A 16 gauge Parker Brothers shotgun once belonging to legendary trick shooter Annie Oakley was sold at auction on Sunday, drawing in $293,000. The shotgun, which had been heavily modified for Oakley during her tour with Buffalo Bill’s “Wild West” show, was sold to an unidentified telephone bidder by Heritage Auctions along with a number of documents providing provenance for the firearm. According to the auction house, the shotgun is almost certainly the firearm Oakley used for her first trick-shooting performances in Europe.
“If you wanted to own an Annie Oakley artifact this is as good as it gets,” Heritage Auction’s Americana expert Tom Slater told NBC News.
Annie Oakley, born Phoebe Ann Moses, is perhaps one of most well-known names of the Old West and among the premier trick shooters of her time. Born in 1860, Oakley would later rise to fame and toured with William Frederick Cody, also known as Buffalo Bill, for his Wild West exposition. Oakley’s trademark move was the “juggling” of a playing card in mid-air with a .22 caliber rifle. Oakley would split the card with a bullet and then proceed to shoot it multiple times before it hit the ground, a feat that requires both quick reflexes and precise aim. In documents obtained by Heritage Auctions, Oakley called the Parker Brothers shotgun her “first real gun.” Oakley later procured a customized version of the 16 gauge for her performances in front of European royalty. At the end of the tour, the shotgun was retired and gifted to her brother-in-law. The gun was again modified to make it a firearm suitable for hunting.
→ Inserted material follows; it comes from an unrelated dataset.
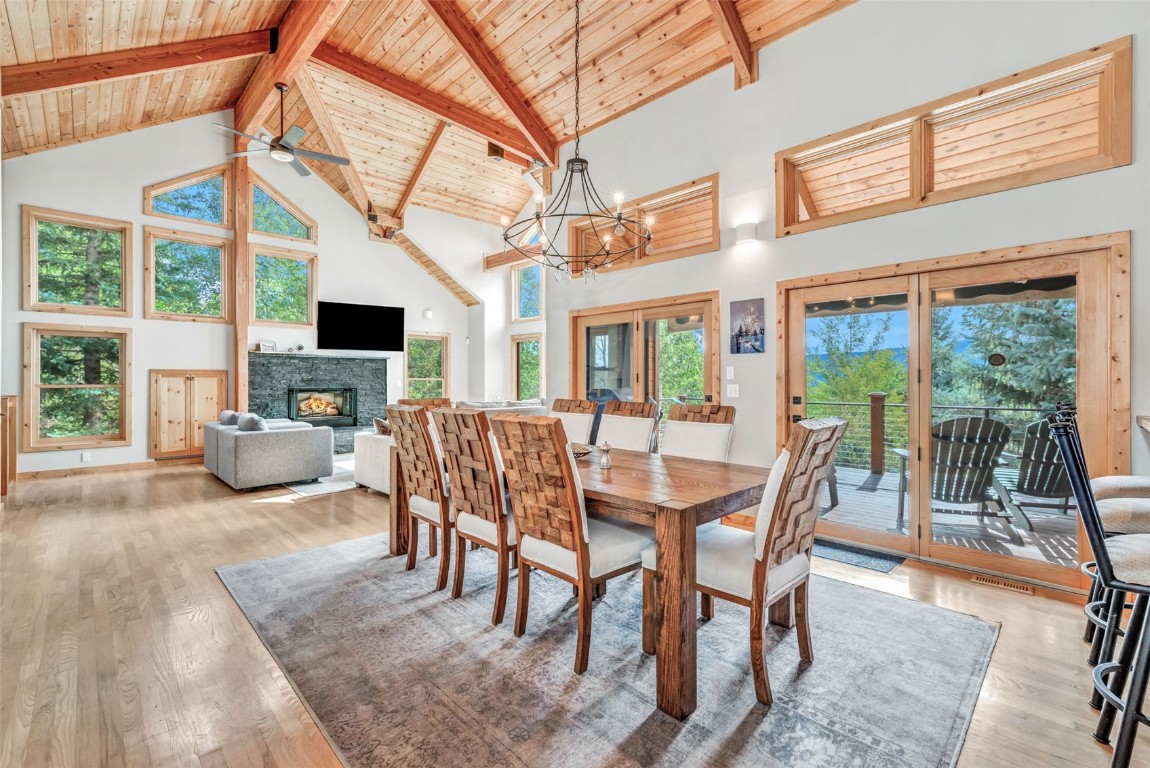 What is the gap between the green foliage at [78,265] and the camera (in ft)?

The final bid of $293,000 blew away the expected selling price of the shotgun, which was estimated to be around $81,000 according to the Daily Express. However, as one of the best-documented guns of an American icon, demand for the firearm was high.
“Annie Oakley is remembered as an incredibly talented trick shooter who was [the] star performer with Buffalo Bill’s Wild West Show,” Slater said. “She was so popular that arguably she made Buffalo Bill’s show famous, not the other way round.”
Oakley is also remembered as a successful actor, philanthropist, and supporter of women’s rights. She continued competing until she passed away in 1926 at the age of 66. Her husband, Frank Butler, who she first met by challenging to a shooting competition, died only 18 days later.
Article Updated 11-26-2013: Despite being listed as a 12 gauge shotgun, the auctioned firearm is actually a 16 gauge Parker Brothers shotgun.